More about HKUST
Efficient and Accurate Visual Relocalization with Deep Neural Network
PhD Thesis Proposal Defence
Title: "Efficient and Accurate Visual Relocalization with Deep Neural
Network"
by
Mr. Changkun LIU
Abstract:
Accurate visual relocalization is a crucial problem in many applications,
such as mobile robots, augmented reality, virtual reality, and autonomous
driving. This thesis advances the field by enhancing accuracy, robustness,
and computational efficiency in visual relocalization systems.
This research leverages state-of-the-art techniques—including neural radiance
fields (NeRF), 3D Gaussian splatting (3DGS), and 3D vision foundation
models—to develop accurate, efficient, and practical solutions for camera
relocalization. Traditional structure-based hierarchical localization (HLoc)
pipelines can achieve high accuracy but often rely on complex frameworks and
incur substantial runtime costs. The first study (AIR-HLoc) addresses this
limitation by introducing an adaptive strategy that dynamically adjusts the
number of retrieved images, thereby improving computational efficiency while
maintaining accuracy. In parallel, end-to-end regression methods based on
convolutional neural networks and transformers have gained prominence, as
they directly learn to predict camera poses or scene coordinates from input
images, further expanding the design space of localization approaches.
However, they often struggle to match the accuracy of structure-based
approaches. To address this, the thesis introduces two novel frameworks: an
uncertainty-aware hierarchical pose refinement (HR-APR) and an efficient pose
refinement framework (GS-CPR) integrating 3DGS and 3D vision foundation
models.
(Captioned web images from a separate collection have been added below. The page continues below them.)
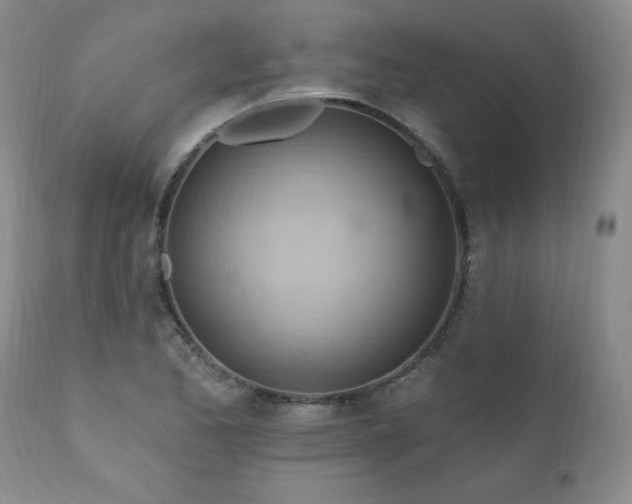 X0000111041173200906251354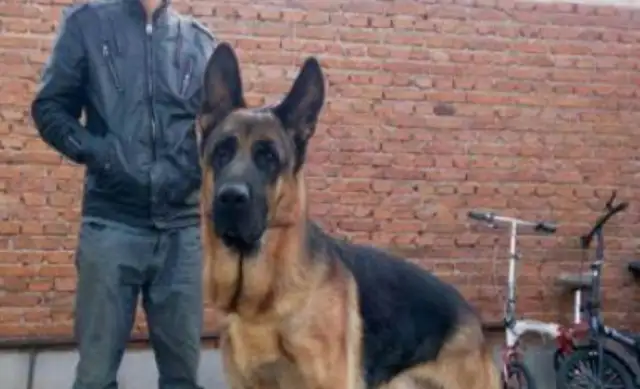 The pet dog accidentally slipped into a 60-metre well and was saved by a miracle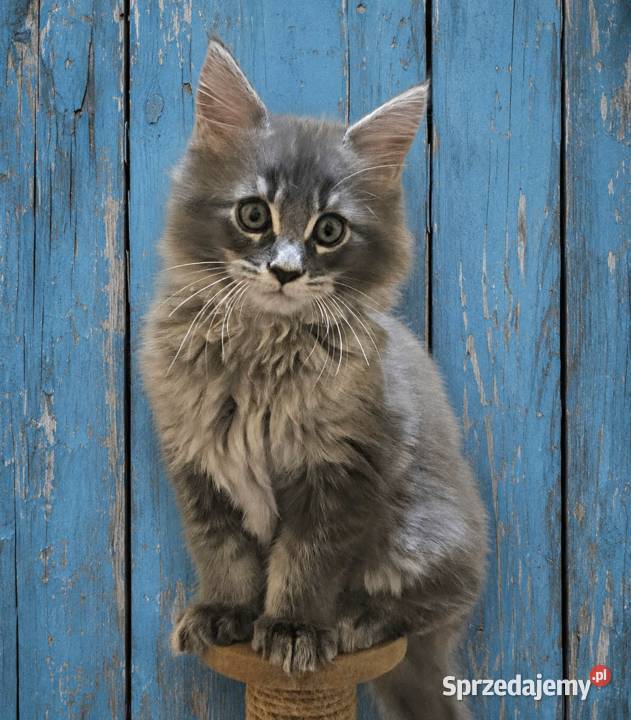Kocięta Maine Coon z rodowodem FPL/FIFe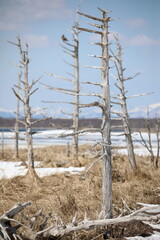 the landscape of Todowara called the end of the world in Hokkaido, Japan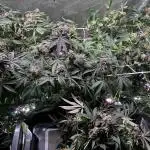 💨🍀🍈Fresca Melon Clone #2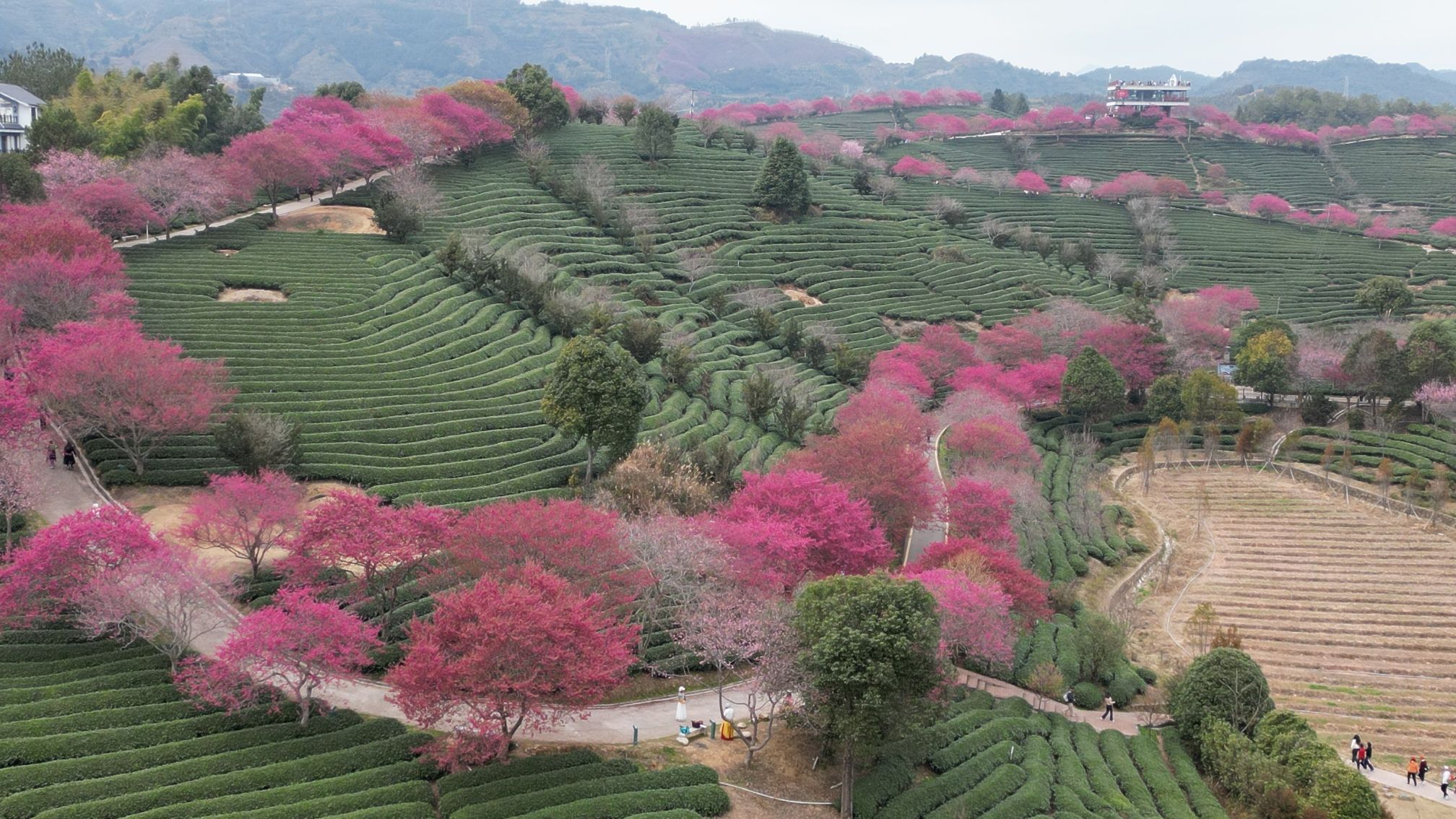 永福樱花茶旅景区景点图片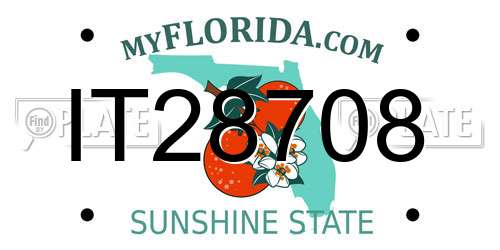 IT28708 Florida License Plate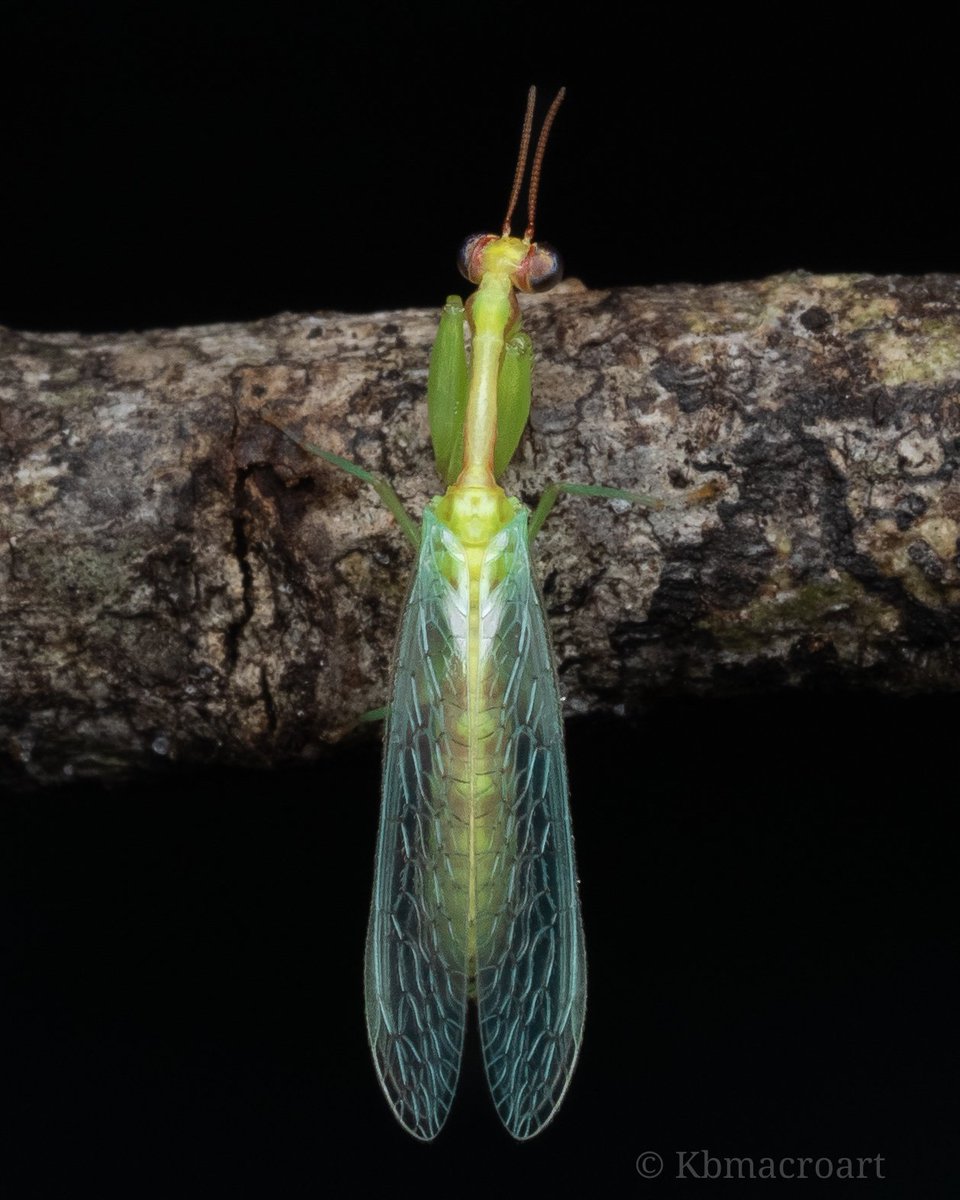 Kbmacroart's tweet image. One of the prettiest and most unique insects to exist. This is the Green Mantidfly. Neither a mantis, nor a fly, it is closely related to the Lacewing. 
#entomology #mantidfly #macrophotography #biodiversity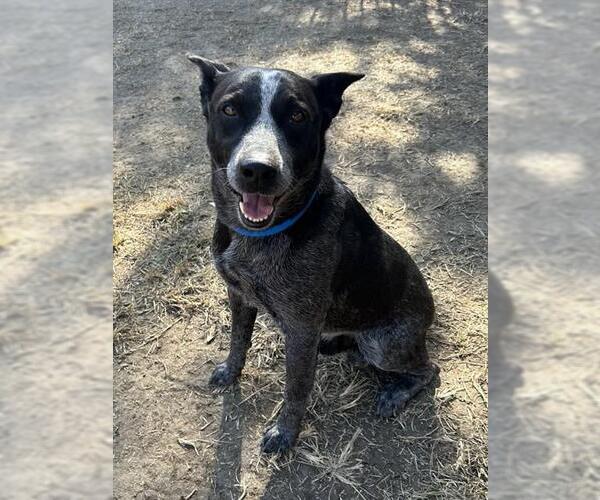 Medium Photo #3 Texas Heeler Puppy For Sale in Riverside, CA, USA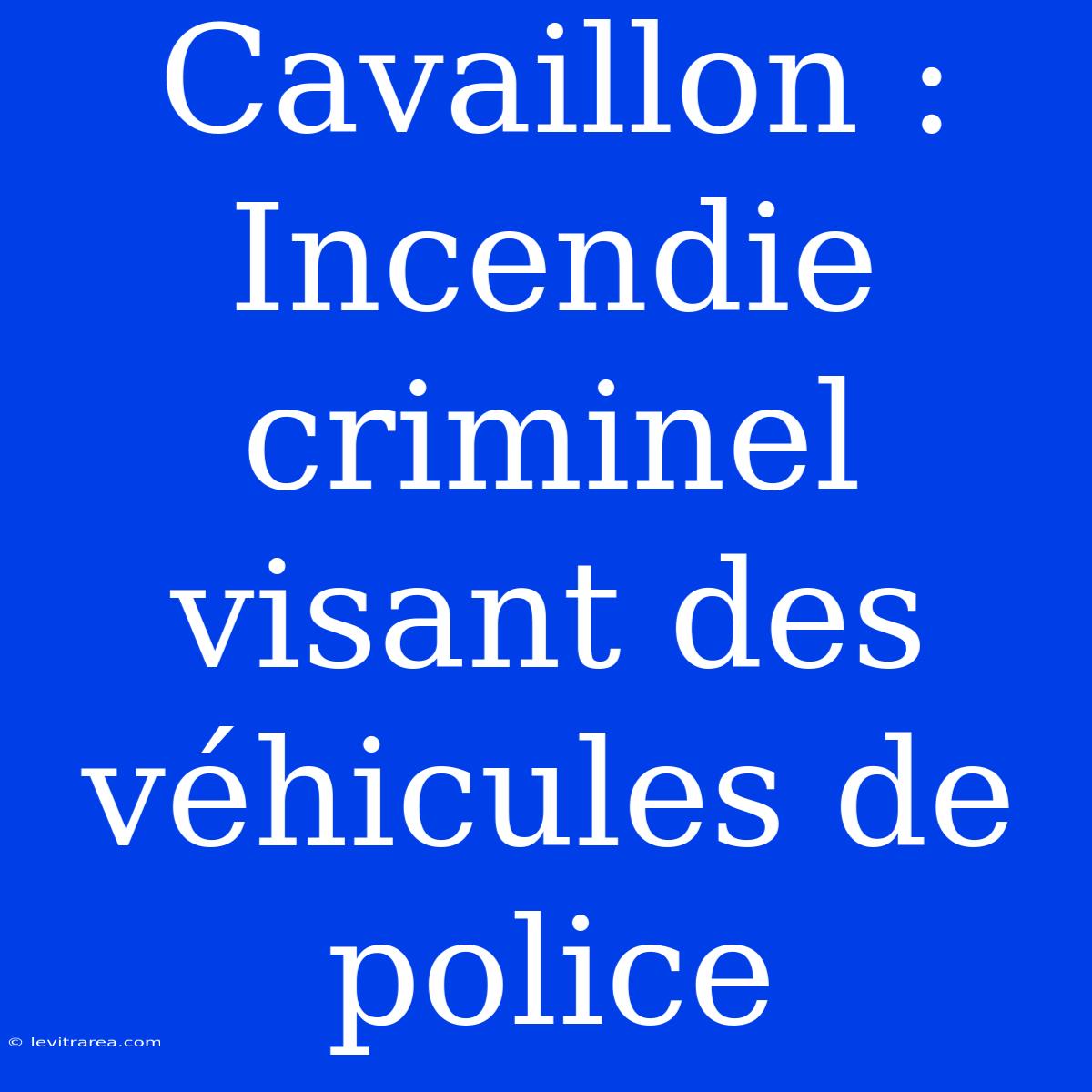 Cavaillon : Incendie Criminel Visant Des Véhicules De Police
These frameworks achieve significant improvements on end-to-end
regression approaches in pose estimation accuracy across various benchmarks.
Existing 3D vision foundation models make inefficient use of dense point data
and fail to deliver accurate metric pose estimation. To address these
limitations, this thesis introduces Plana3R, a novel 3D vision foundation
model designed for zero-shot, feed-forward metric indoor 3D reconstruction
and pose estimation. The model leverages planar primitives as a compact
representation tailored to man-made environments.
Date: Wednesday, 24 September 2025
Time: 2:00pm - 4:00pm
Venue: Room 5501
Lifts 25/26
Join Zoom Meeting:
https://hkust.zoom.us/j/96886475205?pwd=On4NuQrg7uoCxXVaNObE1YNWvzHl3E.1
Meeting ID: 968 8647 5205
Password: 139237
Committee Members: Dr. Tristan Braud (Supervisor)
Dr. Dan Xu (Chairperson)
Prof. Sai-Kit Yeung